Connectivity for the Mission Control Agent does not require a public IP address and the Mission Control Agent always initiates the connection to the PubSub+ Home Cloud. The Mission Control Agent communicates with the Home Cloud in the following ways:

  • securely over port 55443 using the Solace Message Format (SMF) protocol over TCP

  • Securely over HTTP port 443 during installation and bootstrapping. This is also how the docker image for the Mission Control Agent is retrieved from the Solace registry for Kubernetes installations

For Kubernetes deployments, Docker images are part of a deployment. The Docker images that are used in deployment are available via Kubernetes to the Google Container Registry (gcr.io) through port 443 (secure port). Having the Docker images available in the gcr.io is ideal if your security policies require that all images are scanned prior to deployment.

For VM-based deployments on AWS and Azure, security updates are delivered on port 80 for the Mission Control Agent's EC2/VM image. If your security policies don't permit port 80 to be accessible, the Mission Control Agent EC2 (for AWS) or VM (for Azure) must be periodically recreated with an updated AMI/VM to obtain the latest security patches. Contact Solace to obtain an updated AMI/VM.

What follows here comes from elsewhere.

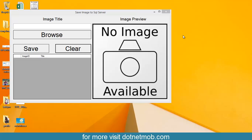Hi everyone, welcome to Not That Mob. In this video, I am going to show you how to save images into SQL Server DB using C sharp.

Support for VM-based deployments is now deprecated and version 10.0.1 was the last event broker release that supported deployments in VM-based regions. For more details, see the Deprecated Features list.

Permissions Required for the Mission Control Agent

The Mission Control Agent requires a service account with the specific permissions. The service account requires a minimal set of permissions that permit the Mission Control Agent to manage and configure event broker services and communicate with the PubSub+ Home Cloud.

Depending on the deployment chosen, the following permissions are required for the Mission Control Agent:

Kubernetes
The permissions listed below apply to all Kubernetes-based deployments that include Amazon Elastic Kubernetes Service (EKS), Azure Kubernetes Service (AKS), and Google Kubernetes Engine (GKE).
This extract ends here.